In 2010 the conference theme centers on these and other sites of discipline and punishment, as well as on strategies of coping, opposition and resistance. Carried out by foreigners and by our compatriots, by strangers and by our own kin, by others and by ourselves, these varied practices and instances of penalization have occurred both formally and informally, publicly and privately, overtly and covertly; with the use of force and/or by instilling efficient behavior and a lucrative obedience, episodically and in the historical long-term.
This year’s conference will also explore the ways in which Puerto Ricans have and can continue to create critical, social, cultural, political and economic opportunities for civic action. Hartford offers us an interesting and critical space for reflection. Locale of the first Puerto Rican elected mayor of a capital city on the “mainland,” it is also home to the largest proportional population of Puerto Ricans residing in any city beyond the confines of the island of Puerto Rico itself. Coming on the advent of President Barack Obama’s historic nomination to the Supreme Court of the Hon. Sonia Sotomayor, the first Latina and Puerto Rican to be so nominated, this year’s Conference exploration of empowerment as a conduit for civic action seems particularly timely and assumes even greater salience. Not the first Latina to be nominated to the Court, if confirmed, Judge Sotomayor will also become the first Puerto Rican ever to serve in one of the highest public offices available within the governing structures of the United States. Aspiring to a critical reflection about disciplinary discourses of punishment and power effecting Puerto Ricans, this year’s conference aims also to engage those narratives and practices of empowerment that facilitate and enable progressive civic action.
PRSA Conference Themes
This year’s conference thus features two mutually constitutive themes, one with a focus on technologies of the self, one on practical approaches to social, political and economic empowerment. Efforts to study the intersections of power and the body have opened up new spaces for critical thinking and collective action. To critically explore their diverse forms and dimensions, we invite presenters to propose papers, entire panels, poster sessions, and by other creative means, engaging with any of the following, merely suggestive rather than exhaustive, list of possible areas and topics:
- Papers, panels, or presentations that focus on the roles of state technologies of power used to discipline the Puerto Rican subject, as well as on modalities of resistance. Proposals should include themes in the areas of law, justice, state repression and violence, and other institutional mechanisms of discipline and punishment, as well as proposals that explore critical modes of resistance.
- Papers, panels, or presentations that are especially apt and relevant to this (New England) region, as one of the objectives of this conference is to create a critical space for the exchange of ideas, experiences and reflections on how to empower Puerto Ricans in local, state, national and international forums.

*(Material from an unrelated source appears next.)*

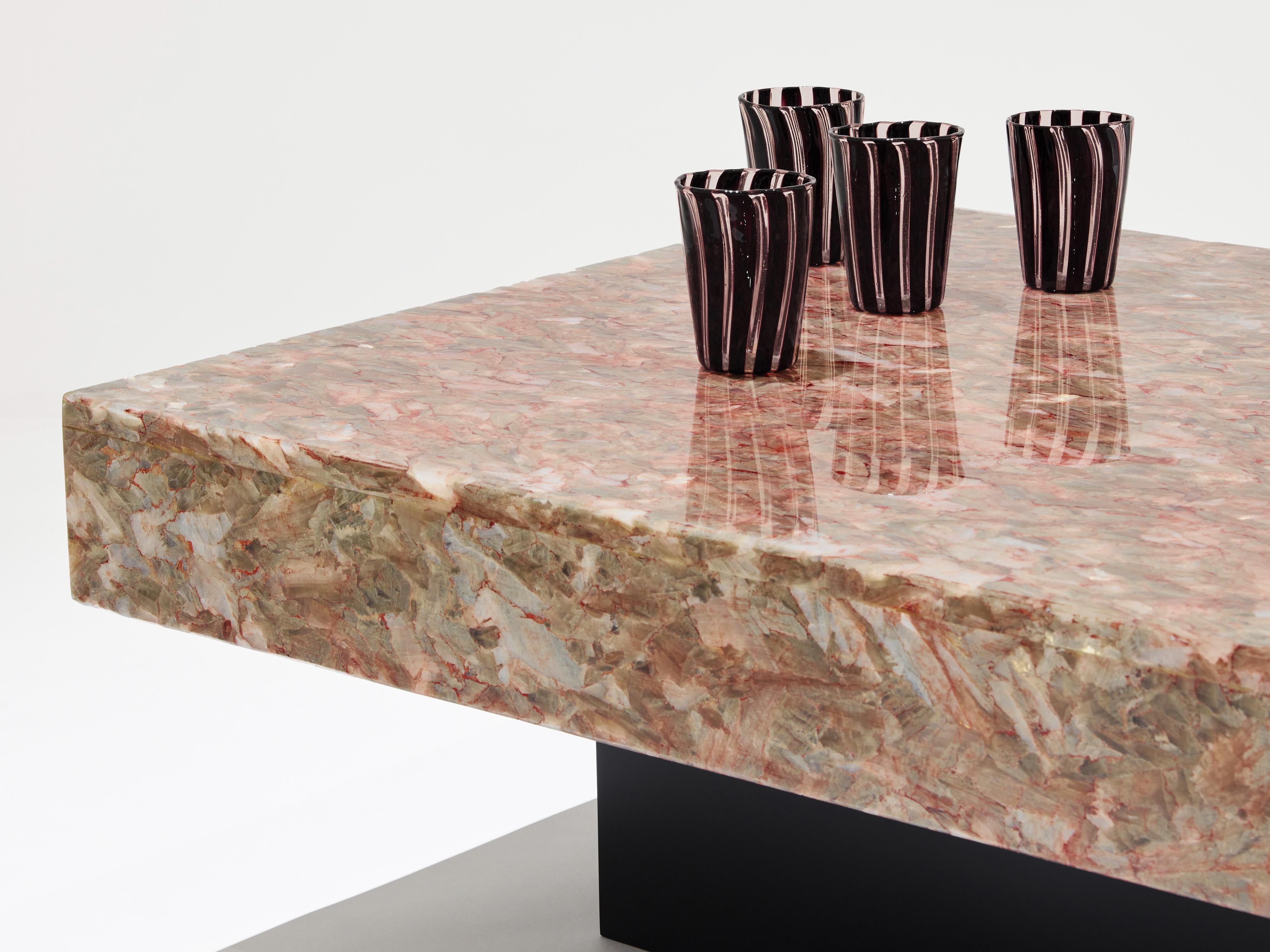 Italienischer rosafarbener kristalliner Alabaster Couchtisch Ende der 1970er Jahre im Angebot 2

- Papers, panels, or presentations that elucidate the ways in which Puerto Rican studies can inform broader debates across disciplines, thereby encouraging that interdisciplinarity that has traditionally been one of the hallmarks of the PRSA and its conferences.
We encourage submissions from the array of communities that shape the Puerto Rican experience: university and college professors, independent scholars, community and labor organizers/activists, teachers and intellectual workers, artists, and graduate and undergraduate students.
Please remember that only proposals from paid up PRSA members will be accepted for inclusion in the 9th Conference. Membership dues must be received by the PRSA Secretariat by February 1, 2010.
PRSA Pre-Conference Workshops
The PRSA Pre-Conference Workshops are designed to provide junior faculty and advance graduate students with a series of professional workshops that seek to assist in faculty development and career planning for scholars whose research and work projects focus on Puerto Rico, Puerto Ricans and their communities, and Puerto Rican Studies. These will include a workshop on tenure and promotion as well as a discussion of the history of PRSA and its contributions to intellectual life and collaborative community work. Pre-Conference Workshops will take place on Thursday, October 21, 2010. More details forthcoming.
The Sponsoring Institutions
The Puerto Rican Studies Association was founded to help promote scholarship in the field and offer a place for scholars to come together. The Association meets every other year (in even-numbered years) in a different location. We maintain a list-serve for the dissemination of news of interest to the membership. We encourage students, scholars, activists, and others with interests in the island and its people to join and actively participate in the PRSA.
The City of Hartford, a vibrant city with one of the largest proportional populations of Puerto Ricans in the United States, will assist in the hosting of the 2010 conference. This conference represents the collaborative effort of members of the local Puerto Rican and Latino communities as well as various academic programs and institutions affiliated with the University of Connecticut, Eastern Connecticut State University and Trinity College.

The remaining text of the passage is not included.